— Southern Minnesotans who keep an eye on politics probably figure they’ve got a fairly good understanding of Allen Quist. After all, the retired St. Peter farmer and former Bethany Lutheran College professor has twice run for governor and twice for Congress in the past 20 years.
But many eligible voters have never heard the conservative Republican make his pitch for a seat in the Minnesota Legislature. Some eligible voters in Tuesday’s special election to fill the House District 19A seat — the vast majority of Gustavus Adolphus College students, for instance — hadn’t been born the last time Quist ran for a seat in the Minnesota House of Representatives. And no voter under the age of 44 has cast a ballot for him when he last won a seat in the Legislature.

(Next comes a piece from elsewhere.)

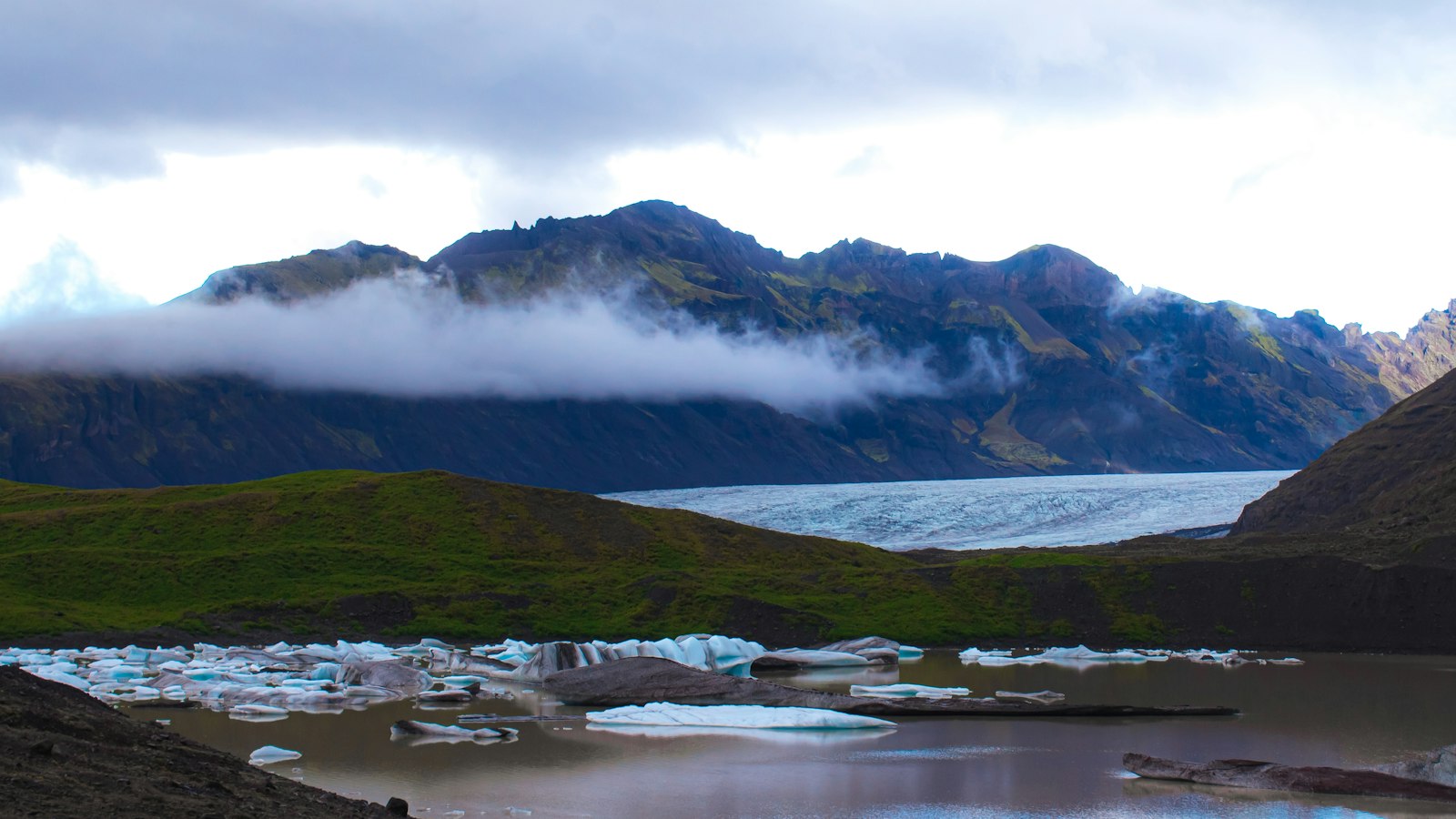 A glacier lagoon with icebergs at the foot of the ice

It’s a surprise to Quist himself to be running for the state House, the body he was first elected to in 1982. He was re-elected in 1984 and 1986, lost to Gustavus professor Don Ostrom in 1988, lost a rematch in 1990 and then set his sights on higher offices.
“I never would have predicted it,” Quist said of his current legislative run, a campaign that began fewer than two months after he lost a congressional contest to Rep. Tim Walz. “I thought I was retired after the November election. I told a number of people it would take something totally unforeseen for me to be a candidate again. And it has.”
The surprise resignation of Democratic Rep. Terry Morrow of St. Peter was the unforeseen incident that got Quist thinking about the state House.
Last year his focus was almost totally on Washington, D.C., and the federal debt, something he said concerned him so much he’d decided to postpone a comfortable retirement. Leading up to the Nov. 6 election, he was hopeful the already Republican-controlled U.S. House would be reinforced with enough similarly conservative new members to drive dramatic reductions in spending and the elimination of the federal deficit in six years or fewer.